The EDN circuit uses a kind of synchronous filter to get fast settling, despite the relatively low PWM frequency. The synchronous filter can add extra errors from charge injection, which depends on the voltage level or voltage dependent on resistance. So it is kind of elegant, but not so well suited for super higher accuracy.
The more normal way would be a higher order filter - slower, but more predictable. Besides the normal filter function there can be settling due to DA in the capacitors. So settling to the very last ppm will take quite some time. There are chances for a speed-up, but here it starts to get really tricky.
How the main and fine PWM are combined in the EDN circuit is also a little unusual: they add a little to the reference and ground level. The simpler ways and maybe better would be having a second larger resistor for the smaller part, combining at the input of the filter.
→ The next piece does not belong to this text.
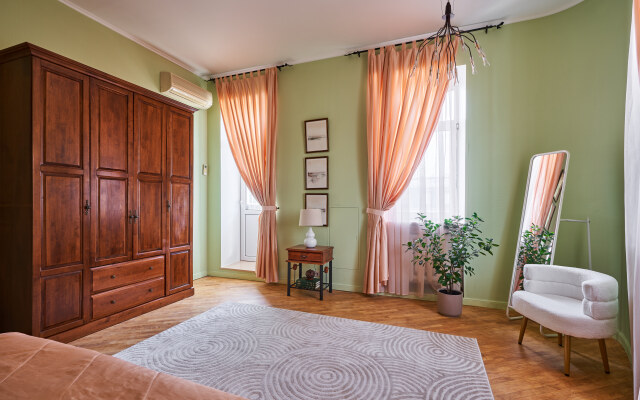 4-Komnatnye Na Chistykh Prudakh Apartments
Having 0.1 % resistors in the combing circuit would limit the extra accuracy too about 8-9 Bits unless an adjustment is done.
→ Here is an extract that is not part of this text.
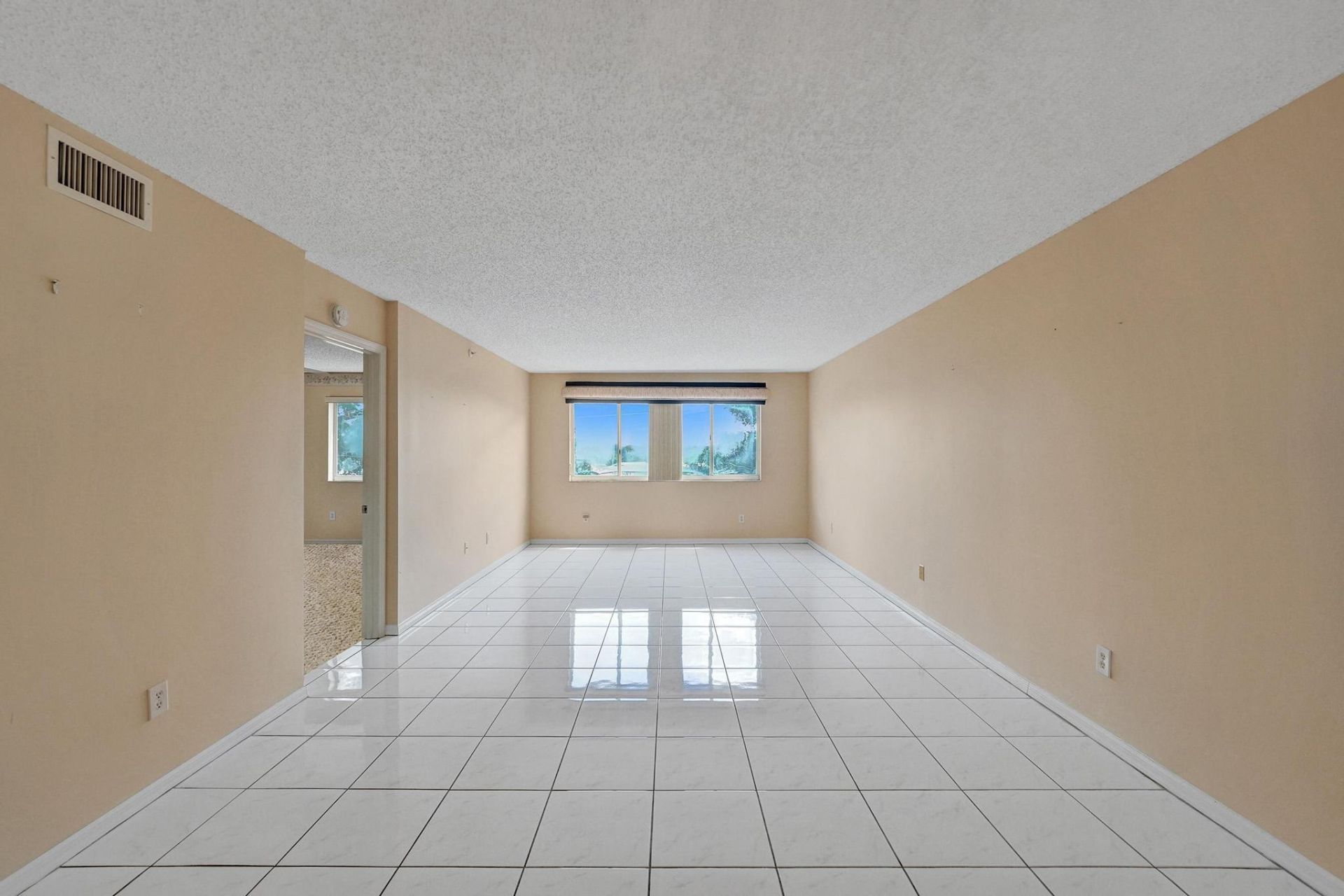 9587 Weldon Circle, Unit B312, Fort Lauderdale, FL 33321 Photo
Some overlap (thus fine PWM equal to maybe 2-4 LSB steps could be useful for checking the scaling, but more could be more like a problem as it would need more accurate scaling and fine PWM drivers.
So it would be more like 16 Bit coarse PWM, 2 Bits overlap and 16 Bits fine PWM. Thus a theoretical resolution of up to 30 Bits, with some lost in rounding for adjusting the fine scale in software and a lower accuracy than resolution. Even if not absolute linear, the DNL can still be quite good, as PWM is usually (nearly by definition) monotonic.
I would take a look at the circuit for the Fluke 5700 series calibrators. They include a reasonable easy way of compensating for the difference in switch resistance. One could build a similar circuit with modern CMOS switches (e.g. DG4xx) at some places. It still takes a few critical parts: 1 very linear resistor (thus usually low TC and not very small size). A few good caps with low leakage and low DA to keep residual settling times short. A good layout might be needed to avoid RF noise / spikes to cause funny / hard to predict effects. Also parasitic capacitance around the resistor can be a problem. Super fast switching is not the best way as it causes more RF trouble. There is a small range at the bottom and near full scale that is problematic anyway. The good range is more like 1% to 99%.